WORK INSTRUCTIONS —
Please restate exactly what appears in the records below from the first line to the line where "Buddha Gift Best" is, that line included.

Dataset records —
- - -
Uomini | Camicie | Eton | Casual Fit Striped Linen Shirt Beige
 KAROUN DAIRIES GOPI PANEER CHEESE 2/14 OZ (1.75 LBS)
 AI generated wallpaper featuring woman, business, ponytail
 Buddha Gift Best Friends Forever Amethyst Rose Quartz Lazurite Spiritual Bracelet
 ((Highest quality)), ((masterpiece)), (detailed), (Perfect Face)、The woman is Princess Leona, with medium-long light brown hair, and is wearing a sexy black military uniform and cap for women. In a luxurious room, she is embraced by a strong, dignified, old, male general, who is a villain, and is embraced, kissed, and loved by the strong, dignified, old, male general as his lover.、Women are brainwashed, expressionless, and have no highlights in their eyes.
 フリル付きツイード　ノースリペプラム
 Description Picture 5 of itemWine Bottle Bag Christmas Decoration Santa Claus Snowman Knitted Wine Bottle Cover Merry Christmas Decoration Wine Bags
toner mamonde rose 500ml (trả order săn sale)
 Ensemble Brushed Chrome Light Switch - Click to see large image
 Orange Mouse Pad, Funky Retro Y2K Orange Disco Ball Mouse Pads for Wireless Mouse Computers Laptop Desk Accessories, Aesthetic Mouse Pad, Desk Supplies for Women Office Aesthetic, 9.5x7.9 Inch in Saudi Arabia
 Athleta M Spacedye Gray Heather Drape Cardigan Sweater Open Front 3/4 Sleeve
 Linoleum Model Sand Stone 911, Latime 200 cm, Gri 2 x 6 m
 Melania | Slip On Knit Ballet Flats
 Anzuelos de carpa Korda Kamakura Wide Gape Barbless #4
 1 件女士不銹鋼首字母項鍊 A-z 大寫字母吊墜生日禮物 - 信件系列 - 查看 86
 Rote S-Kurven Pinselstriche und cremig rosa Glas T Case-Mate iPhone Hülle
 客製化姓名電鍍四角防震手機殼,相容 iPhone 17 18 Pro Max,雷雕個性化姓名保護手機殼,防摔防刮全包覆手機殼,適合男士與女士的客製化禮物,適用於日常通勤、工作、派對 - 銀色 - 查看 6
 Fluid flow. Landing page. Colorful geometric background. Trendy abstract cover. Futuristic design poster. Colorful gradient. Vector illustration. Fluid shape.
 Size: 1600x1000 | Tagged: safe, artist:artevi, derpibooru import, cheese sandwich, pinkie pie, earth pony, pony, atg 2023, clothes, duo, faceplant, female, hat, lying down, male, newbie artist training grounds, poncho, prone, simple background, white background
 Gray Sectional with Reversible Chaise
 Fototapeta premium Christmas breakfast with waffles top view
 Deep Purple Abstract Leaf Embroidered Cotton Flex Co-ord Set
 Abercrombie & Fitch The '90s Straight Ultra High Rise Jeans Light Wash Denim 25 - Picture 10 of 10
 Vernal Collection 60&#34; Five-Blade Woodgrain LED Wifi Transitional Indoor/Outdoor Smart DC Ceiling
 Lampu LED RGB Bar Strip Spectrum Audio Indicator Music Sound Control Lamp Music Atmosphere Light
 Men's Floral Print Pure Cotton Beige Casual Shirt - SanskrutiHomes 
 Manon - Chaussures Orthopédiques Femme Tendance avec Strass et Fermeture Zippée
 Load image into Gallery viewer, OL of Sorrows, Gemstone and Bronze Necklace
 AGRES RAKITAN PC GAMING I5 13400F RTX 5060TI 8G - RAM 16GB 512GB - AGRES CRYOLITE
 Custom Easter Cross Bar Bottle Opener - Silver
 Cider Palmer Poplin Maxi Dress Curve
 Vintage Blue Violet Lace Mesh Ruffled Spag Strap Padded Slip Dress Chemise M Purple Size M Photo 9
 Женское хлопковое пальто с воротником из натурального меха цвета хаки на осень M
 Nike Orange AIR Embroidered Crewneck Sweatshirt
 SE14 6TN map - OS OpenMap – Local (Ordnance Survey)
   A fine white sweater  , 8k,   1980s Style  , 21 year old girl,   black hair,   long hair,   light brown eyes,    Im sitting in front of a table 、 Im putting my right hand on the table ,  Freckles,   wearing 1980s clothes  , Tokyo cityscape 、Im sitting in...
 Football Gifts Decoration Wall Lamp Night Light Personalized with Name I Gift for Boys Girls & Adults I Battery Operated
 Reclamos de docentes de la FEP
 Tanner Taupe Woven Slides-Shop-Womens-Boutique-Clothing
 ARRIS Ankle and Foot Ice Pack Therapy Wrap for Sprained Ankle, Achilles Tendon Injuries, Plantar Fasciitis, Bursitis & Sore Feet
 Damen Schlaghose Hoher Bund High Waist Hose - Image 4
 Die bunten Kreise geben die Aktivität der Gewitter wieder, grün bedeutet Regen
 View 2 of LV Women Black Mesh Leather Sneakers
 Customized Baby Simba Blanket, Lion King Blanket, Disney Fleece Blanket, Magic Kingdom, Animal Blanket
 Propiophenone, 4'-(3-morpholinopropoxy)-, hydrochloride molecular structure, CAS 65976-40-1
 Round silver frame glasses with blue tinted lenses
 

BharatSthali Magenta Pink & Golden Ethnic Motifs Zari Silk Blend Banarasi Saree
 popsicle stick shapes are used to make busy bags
- - -
ANSWER FOR THE TASK —
Uomini | Camicie | Eton | Casual Fit Striped Linen Shirt Beige
 KAROUN DAIRIES GOPI PANEER CHEESE 2/14 OZ (1.75 LBS)
 AI generated wallpaper featuring woman, business, ponytail
 Buddha Gift Best Friends Forever Amethyst Rose Quartz Lazurite Spiritual Bracelet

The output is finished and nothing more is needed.